| What is expected |
Could you output the listing that follows exactly, without its images?

Available records Block Start

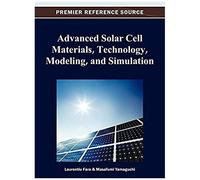 Advanced Solar Cell Materials, Technology, Modeling, And Simulation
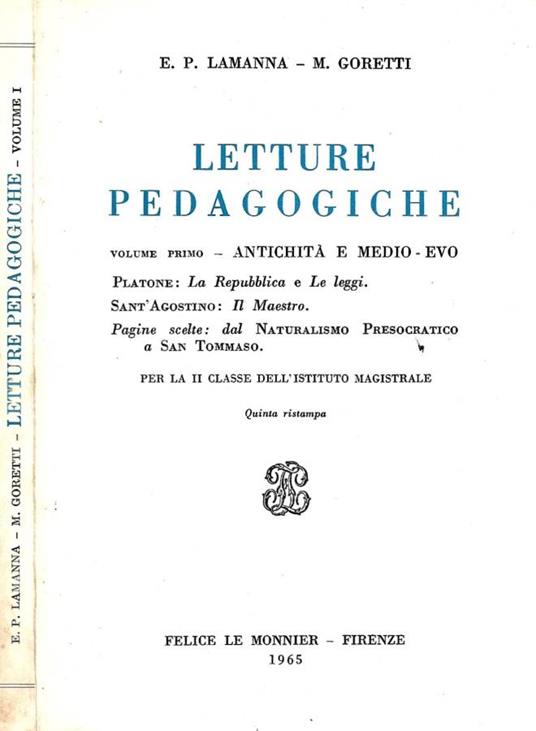 Letture pedagogiche. Volume primo - Antichità e Medio-Evo - copertina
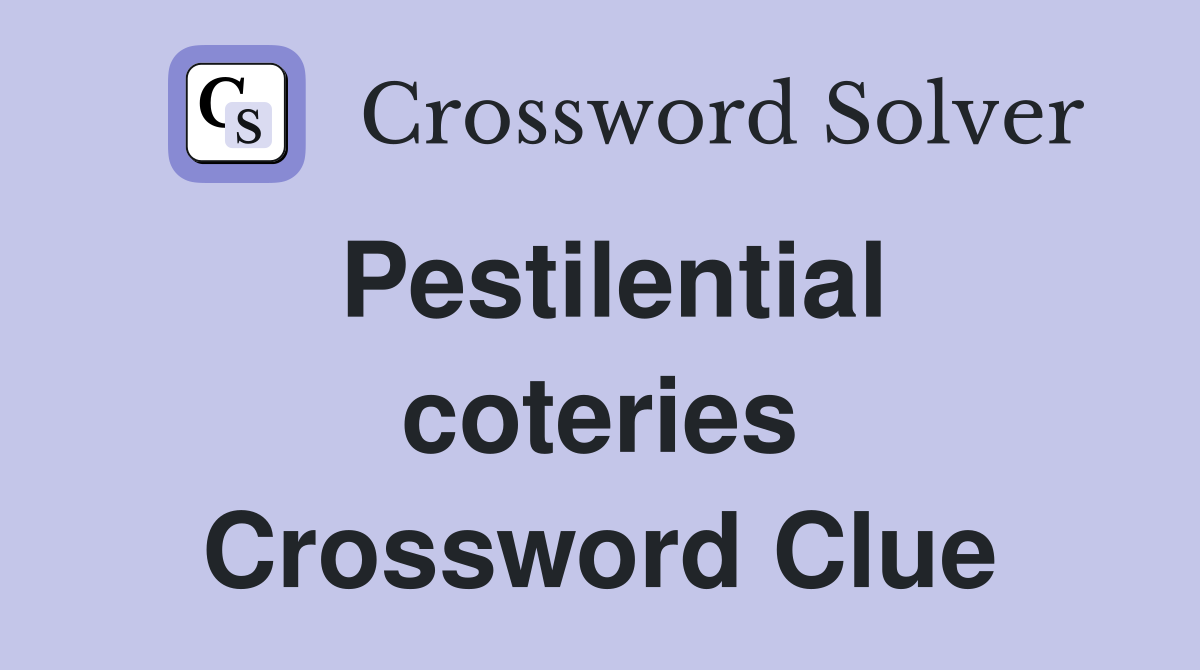 Pestilential coteries Crossword Clue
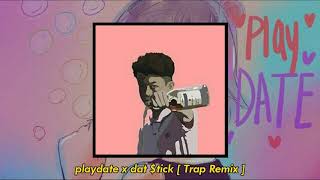 melanie martinez - playdate x rich brian - dat $tick ( mashup ) Trap Remix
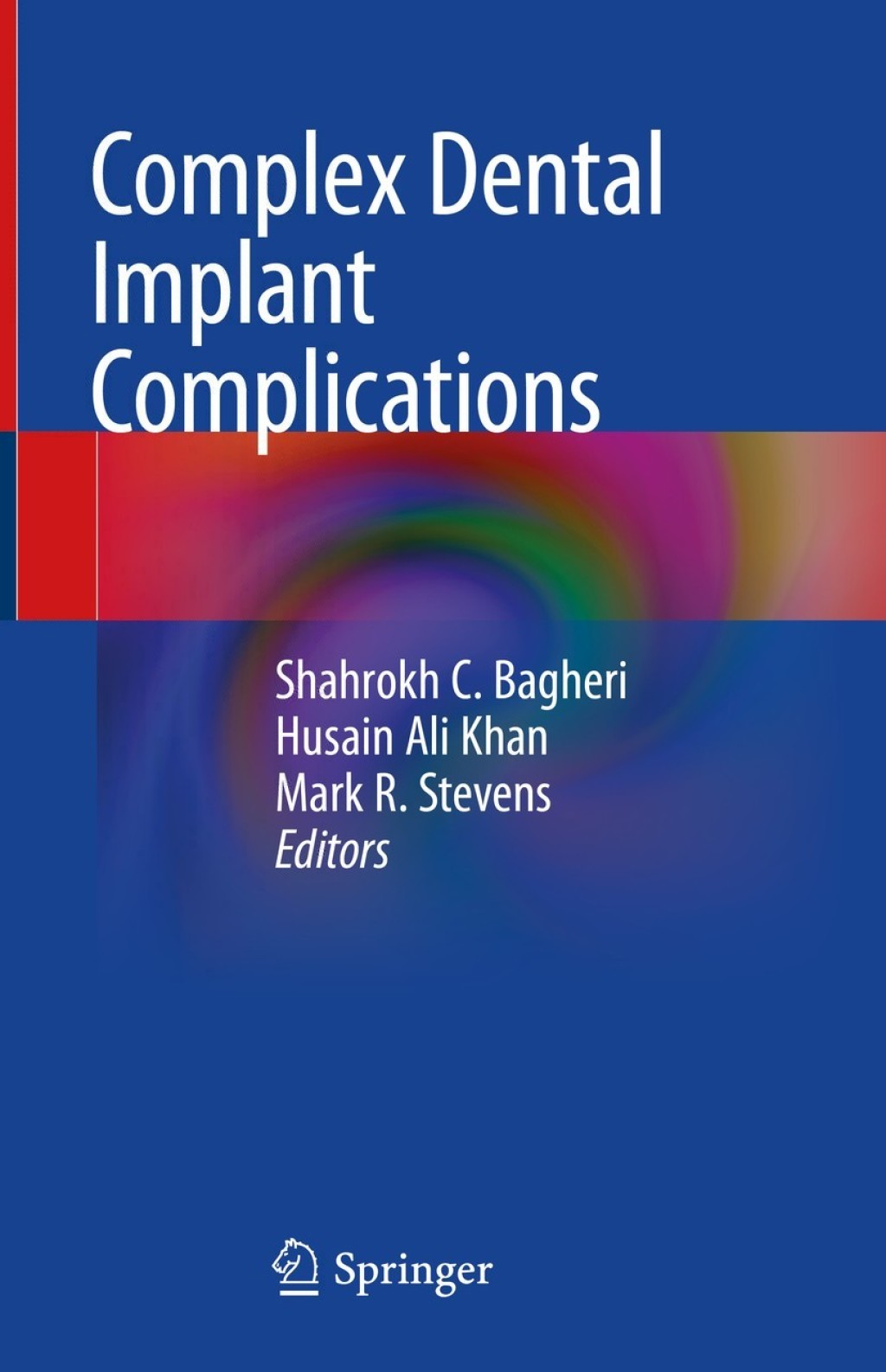 Complex Dental Implant Complications 1st Edition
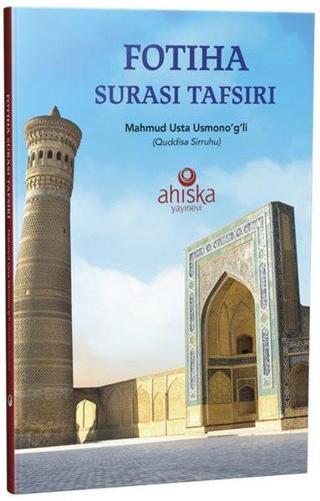 Fatiha Tefsiri - Özbekçe Tercümesi - Mahmud Ustaosmanoğlu - Ahıska Yayınevi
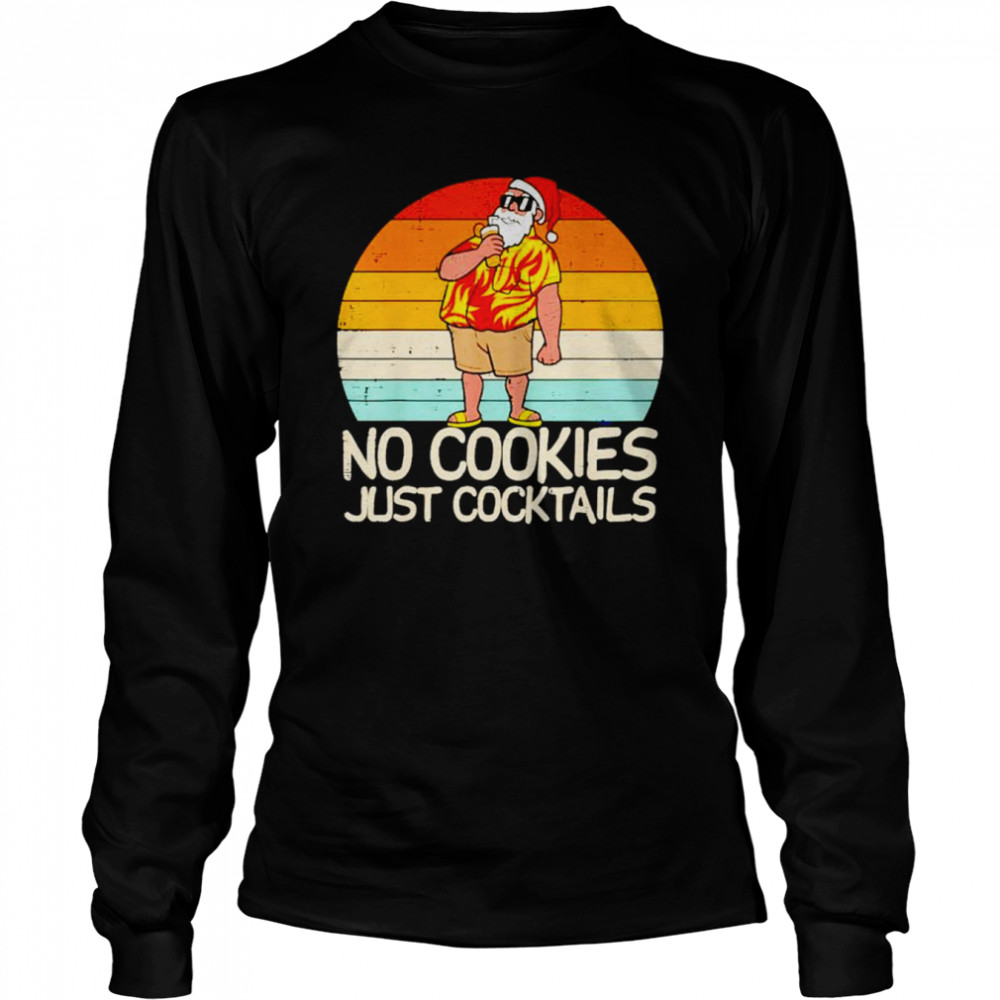 No Cookies Just Cocktails Santa Summer Christmas In July shirt Long Sleeved T-shirt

Available records Block End

| Exercise answer |
 Advanced Solar Cell Materials, Technology, Modeling, And Simulation
 Letture pedagogiche. Volume primo - Antichità e Medio-Evo - copertina
 Pestilential coteries Crossword Clue
 melanie martinez - playdate x rich brian - dat $tick ( mashup ) Trap Remix
 Complex Dental Implant Complications 1st Edition
 Fatiha Tefsiri - Özbekçe Tercümesi - Mahmud Ustaosmanoğlu - Ahıska Yayınevi
 No Cookies Just Cocktails Santa Summer Christmas In July shirt Long Sleeved T-shirt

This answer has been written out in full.